3. Delete the RUP "core.base_concepts" plug-in".
(A newer version of this plug-in is found in the practices library - you need to delete this to avoid overwriting it in the practices library).
4. Make all the RUP plug-ins "supporting" plug-ins
This makes it so that only elements referenced from practices will publish.
5. Merge with the practice library
a. Export the RUP library to XML
b. Import into a copy of the practice library
(the net effect is that the both sets of plug-ins are now available.
6. Create a practice plug-in using the practice templates for each practice you want to create from RUP.
Create a contributor plug-in based on the RUP plug-ins that has the content you want to reuse. Select to create contributors only for those types of element you want to reuse.
Then delete the elements that you DON'T want in your practice.
References (in this case contributors) in a practice plug-in cause the elements from the supporting RUP plug-ins to be included when the practice is selected, and unused RUP elements will not be included.
7. Create an assign plug-in to assign roles and standard categories.
Tag your practice and practice plug-in to work with RUP builder.

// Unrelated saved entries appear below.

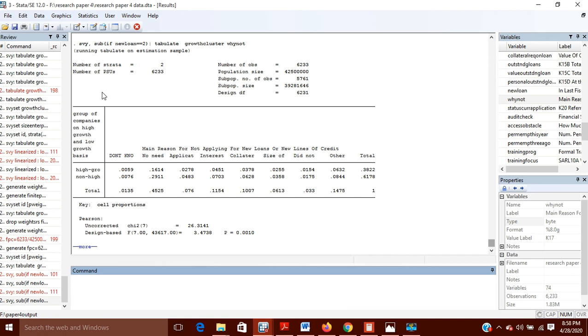So in this way you can use the SVY command for calculating various other things. I hope you liked my video. Thanks for watching.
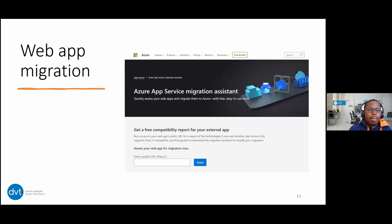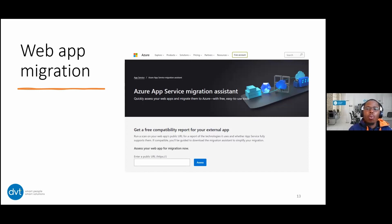For web applications, Microsoft has an Azure App Service Migration Assistant where you add your actual URL to assess if your web application is ready to go to the cloud. It will tell you what you need to upgrade within that application, whether it's supported within Azure, and what services you can use to migrate it. If it's an internal application within your domain, you can download the tool and run it internally. That option is available as well.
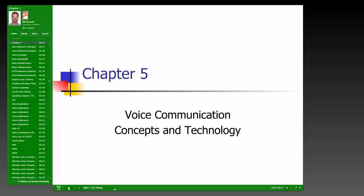Hello everyone. Here we are again for another lecture on network and data communications. This time we'll be taking a look at voice communication concepts and technology.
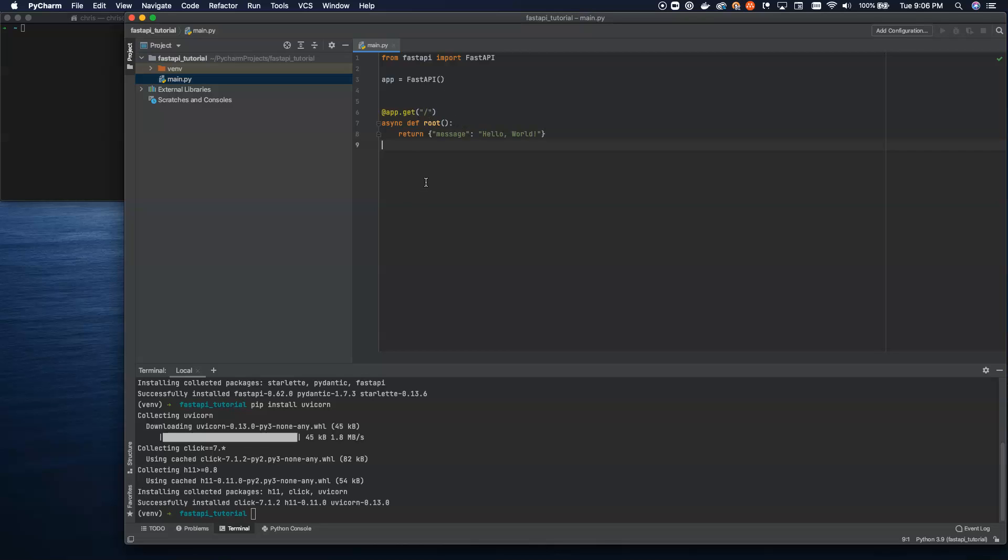Now, to see this run, we're going to come down here. And instead of the traditional way inside of most web frameworks where we set up a main block and we can hit play from in here, what we're going to do is instead run off of the terminal here.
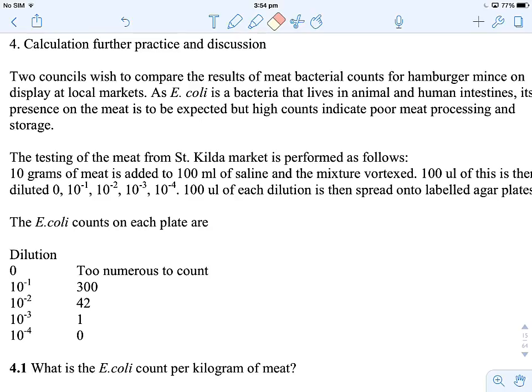I'll turn on my highlighter pen. The first dilution we have is we put 10 grams of meat and made it up to 100 ml. We actually want to know the number of bugs per gram of meat, so we've actually got a 1 in 10 dilution. So that's our first.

8. Create publish plug-in for the configuration you are trying to create. Define in that plug-in a "subtract" category to remove elements inadvertently being pulled in, such as RUP roles.
(You might end up having to delete RUP roles - I'm not sure what happens when you do multiple role assignments and then subtract one of them).

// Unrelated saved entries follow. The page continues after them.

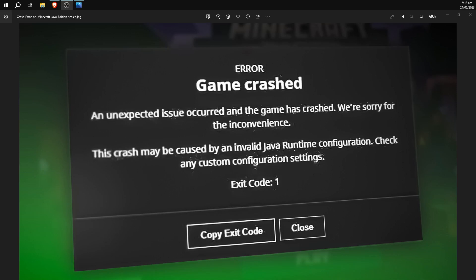Hello everyone and today I'm going to be showing you how to fix your Minecraft from crashing with exit code 1. So usually there's about three different things that you can do to stop this from happening.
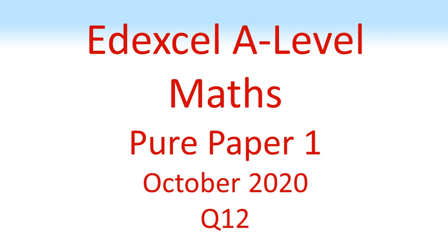Edexcel A-Level Maths, Pure Paper 1, October 2020, Question 12.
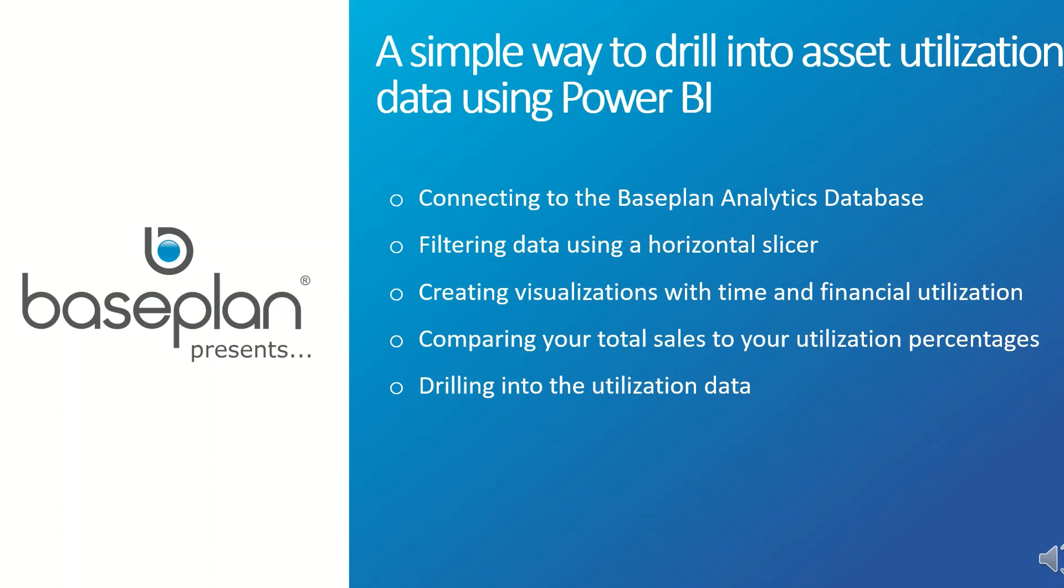This Baseplan Presents video features a simple way to drill into asset utilization using Power BI, focusing on the following areas.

Some tasks will reference RUP work products and roles that have equivalent elements in the practices.
Create your configuration, selecting all the RUP plug-ins (now supporting - so hopefully this won't really add a lot of content), and the practices that you want to use.
Add the subtract category to your configuration.
9. Use extends-replaces in your practice plug-ins to do additional cleanup.
Let me know if you decide to proceed with this, and what you learn from it.